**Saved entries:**
━━━━

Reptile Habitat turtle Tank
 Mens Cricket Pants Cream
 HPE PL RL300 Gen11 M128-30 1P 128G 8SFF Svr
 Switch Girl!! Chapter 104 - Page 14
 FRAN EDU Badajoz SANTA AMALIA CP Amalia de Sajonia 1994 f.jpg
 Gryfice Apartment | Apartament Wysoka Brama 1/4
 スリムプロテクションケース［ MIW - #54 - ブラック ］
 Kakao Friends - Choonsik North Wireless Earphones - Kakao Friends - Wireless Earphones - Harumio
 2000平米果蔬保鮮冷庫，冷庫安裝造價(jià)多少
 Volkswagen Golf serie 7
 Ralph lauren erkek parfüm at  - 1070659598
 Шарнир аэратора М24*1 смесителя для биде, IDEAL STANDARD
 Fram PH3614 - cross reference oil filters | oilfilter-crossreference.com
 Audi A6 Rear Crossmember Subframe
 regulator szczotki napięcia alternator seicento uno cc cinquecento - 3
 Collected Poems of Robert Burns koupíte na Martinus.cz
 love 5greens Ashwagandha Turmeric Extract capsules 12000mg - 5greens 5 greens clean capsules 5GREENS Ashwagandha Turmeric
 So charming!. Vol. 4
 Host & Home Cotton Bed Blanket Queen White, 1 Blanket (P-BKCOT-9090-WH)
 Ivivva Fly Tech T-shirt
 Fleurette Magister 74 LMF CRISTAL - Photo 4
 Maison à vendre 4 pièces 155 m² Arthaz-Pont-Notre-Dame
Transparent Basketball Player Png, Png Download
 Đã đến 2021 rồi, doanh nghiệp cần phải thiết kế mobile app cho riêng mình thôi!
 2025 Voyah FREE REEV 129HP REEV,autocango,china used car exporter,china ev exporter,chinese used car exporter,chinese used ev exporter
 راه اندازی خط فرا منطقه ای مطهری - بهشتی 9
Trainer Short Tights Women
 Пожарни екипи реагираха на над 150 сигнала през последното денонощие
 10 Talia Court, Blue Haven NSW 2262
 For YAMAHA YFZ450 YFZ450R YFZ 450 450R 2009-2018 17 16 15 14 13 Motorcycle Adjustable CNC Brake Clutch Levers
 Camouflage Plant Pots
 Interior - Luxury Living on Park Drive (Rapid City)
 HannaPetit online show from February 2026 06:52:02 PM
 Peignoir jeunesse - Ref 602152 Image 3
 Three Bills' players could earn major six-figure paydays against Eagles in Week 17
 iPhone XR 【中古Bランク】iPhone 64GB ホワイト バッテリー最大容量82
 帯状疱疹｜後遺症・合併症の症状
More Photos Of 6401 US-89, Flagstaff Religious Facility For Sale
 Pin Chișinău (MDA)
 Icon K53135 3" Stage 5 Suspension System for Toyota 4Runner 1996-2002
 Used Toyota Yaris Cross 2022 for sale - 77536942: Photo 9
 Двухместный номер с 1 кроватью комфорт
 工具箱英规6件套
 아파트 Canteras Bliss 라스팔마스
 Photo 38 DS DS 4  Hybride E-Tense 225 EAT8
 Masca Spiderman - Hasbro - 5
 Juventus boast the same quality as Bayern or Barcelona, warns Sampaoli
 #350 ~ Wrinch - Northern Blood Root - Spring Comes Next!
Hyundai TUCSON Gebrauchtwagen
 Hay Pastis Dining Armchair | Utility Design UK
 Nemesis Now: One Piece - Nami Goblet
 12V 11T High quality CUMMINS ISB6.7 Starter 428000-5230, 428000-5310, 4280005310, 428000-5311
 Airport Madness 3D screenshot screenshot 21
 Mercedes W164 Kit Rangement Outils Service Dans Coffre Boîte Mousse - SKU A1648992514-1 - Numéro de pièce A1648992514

━━━━

**Your assignment:** All that should be written out is the stretch of lines above between the one holding "FRAN EDU Badajoz" and the one holding "Ralph lauren erkek", inclusive, exactly as given.

**Answer to this exercise:**
 FRAN EDU Badajoz SANTA AMALIA CP Amalia de Sajonia 1994 f.jpg
 Gryfice Apartment | Apartament Wysoka Brama 1/4
 スリムプロテクションケース［ MIW - #54 - ブラック ］
 Kakao Friends - Choonsik North Wireless Earphones - Kakao Friends - Wireless Earphones - Harumio
 2000平米果蔬保鮮冷庫，冷庫安裝造價(jià)多少
 Volkswagen Golf serie 7
 Ralph lauren erkek parfüm at  - 1070659598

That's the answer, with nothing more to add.